- INPUT DATA
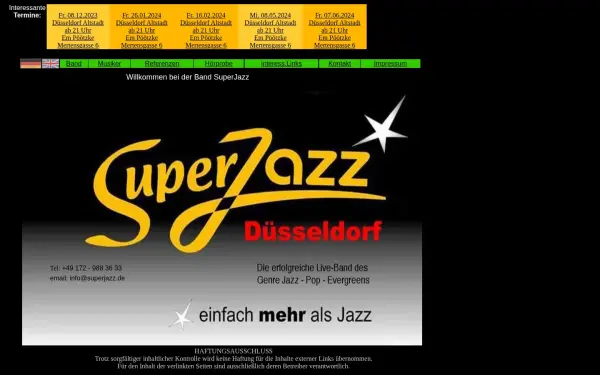 dixieland-band.de
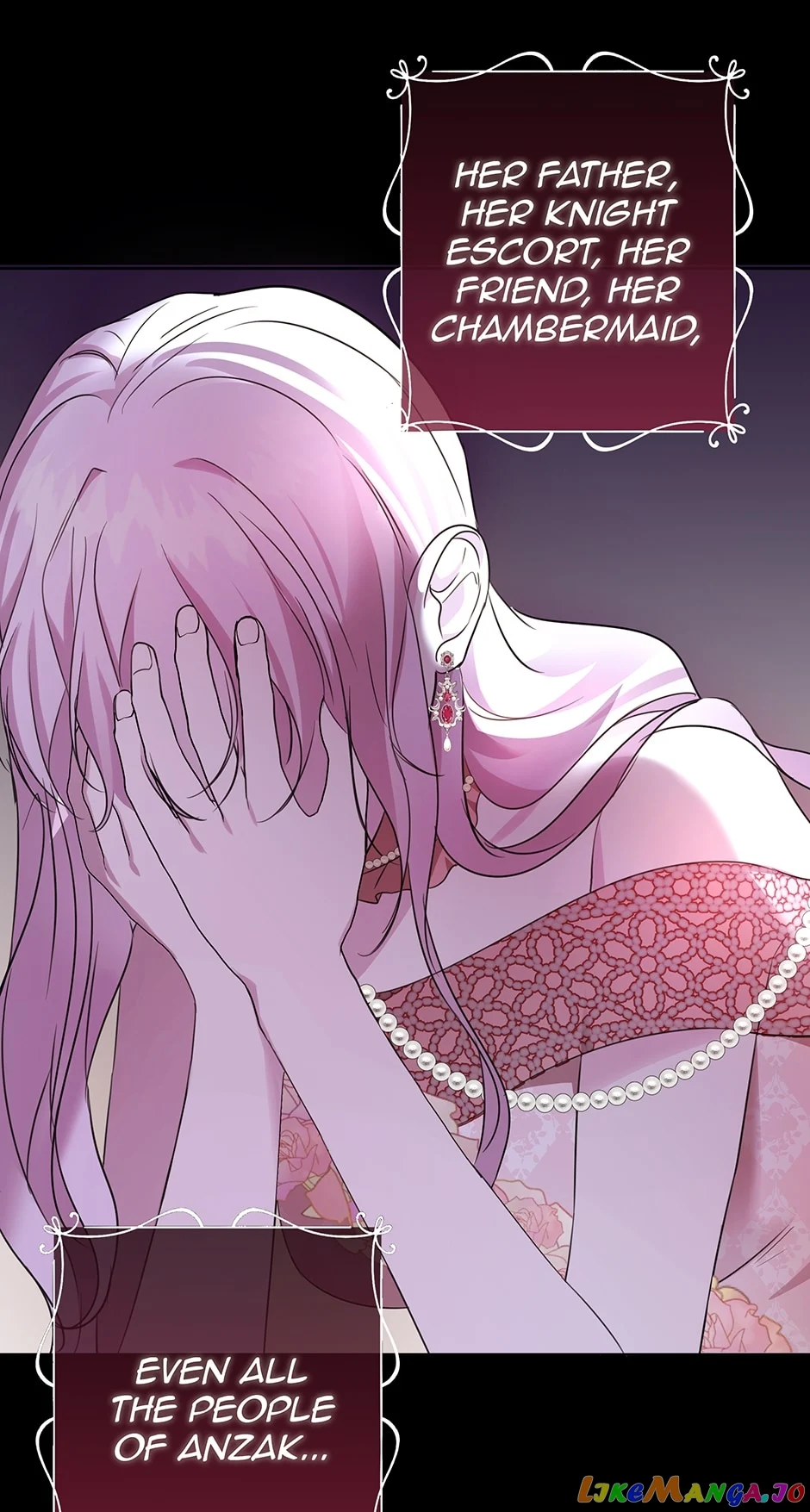 I Became The Wife Of A Tragedy’s Main Lead chapter 53 page 21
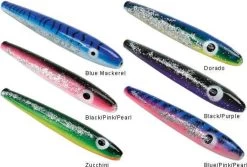 Sea Striker Rigged Cedar Plugs 7 Sea Striker Rigged Cedar Plugs -Fishing Tackle Shop rigcedplug 33408.1650842422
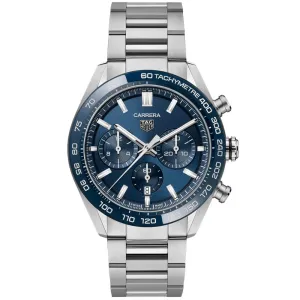 TAG Heuer Carrera Chronograph Men's Watch CBN2A1A.BA0643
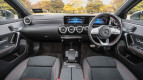 Mercedes-Benz A-Class Sedan Interior photo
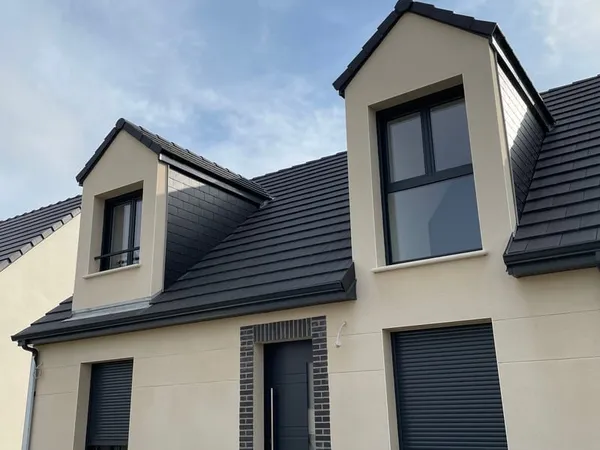 Pavillon neuf individuel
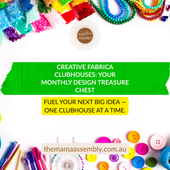 Creative fabrica clubhouses blog cover image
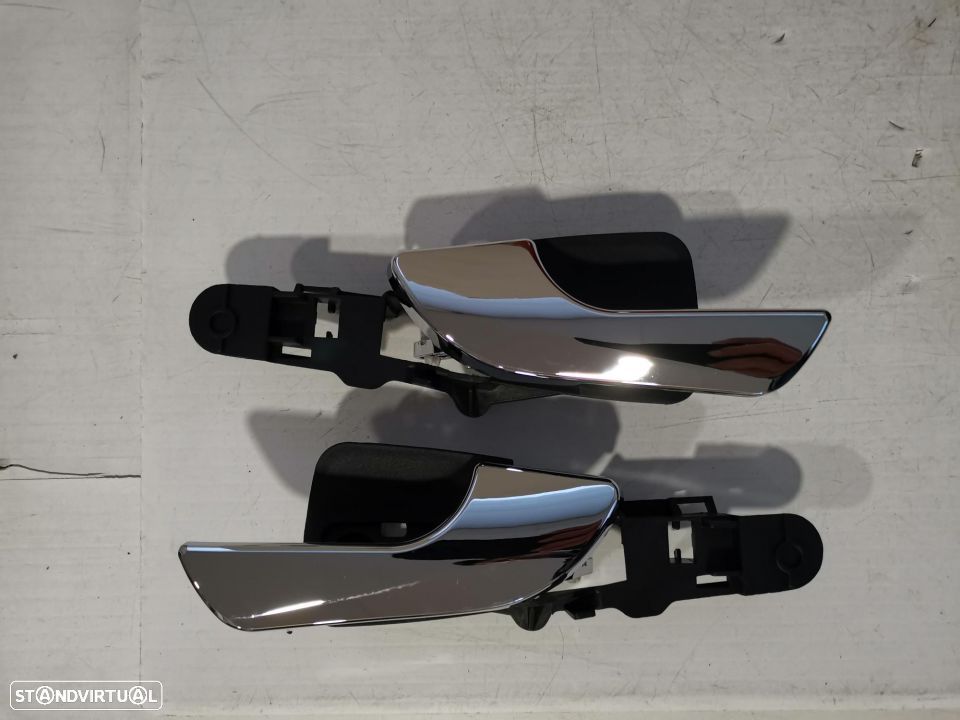 puxador punho porta interior trás esquerdo / direito alfa romeo giulietta 2010 a 2018(novo) - 1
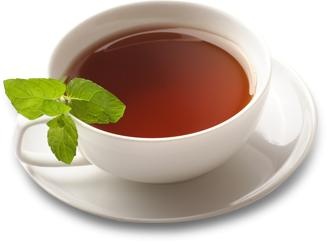 一杯茶 PNG免抠(328x242)
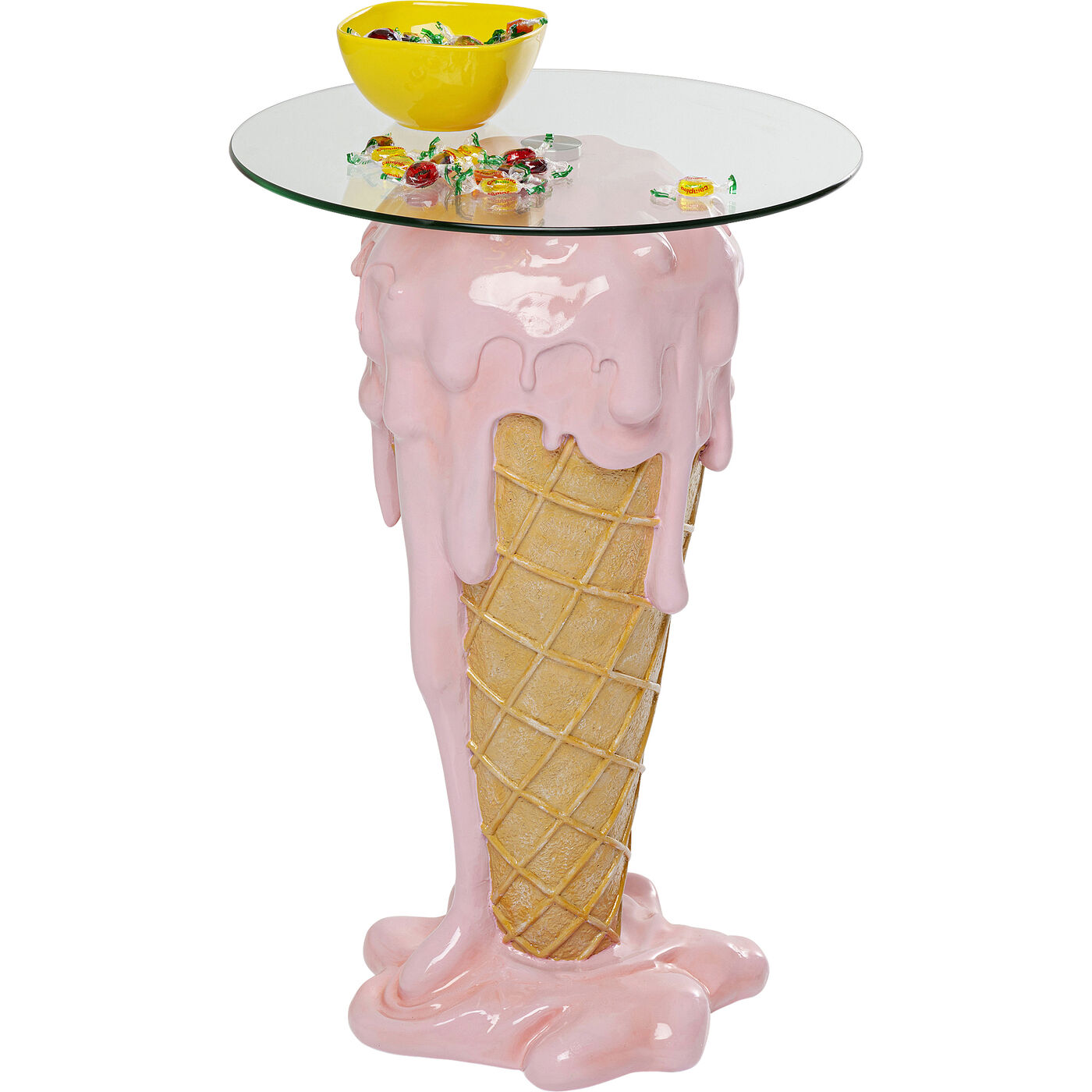 Стол приставной Gelato Ø48 см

- TASK REQUIREMENTS
What are the lines from the one containing "Sea Striker Rigged Cedar Plugs 7" through the end of the records? Write them out exactly, leaving out the pictures.

- SOLVED EXERCISE
 Sea Striker Rigged Cedar Plugs 7 Sea Striker Rigged Cedar Plugs -Fishing Tackle Shop rigcedplug 33408.1650842422
 TAG Heuer Carrera Chronograph Men's Watch CBN2A1A.BA0643
 Mercedes-Benz A-Class Sedan Interior photo
 Pavillon neuf individuel
 Creative fabrica clubhouses blog cover image
 puxador punho porta interior trás esquerdo / direito alfa romeo giulietta 2010 a 2018(novo) - 1
 一杯茶 PNG免抠(328x242)
 Стол приставной Gelato Ø48 см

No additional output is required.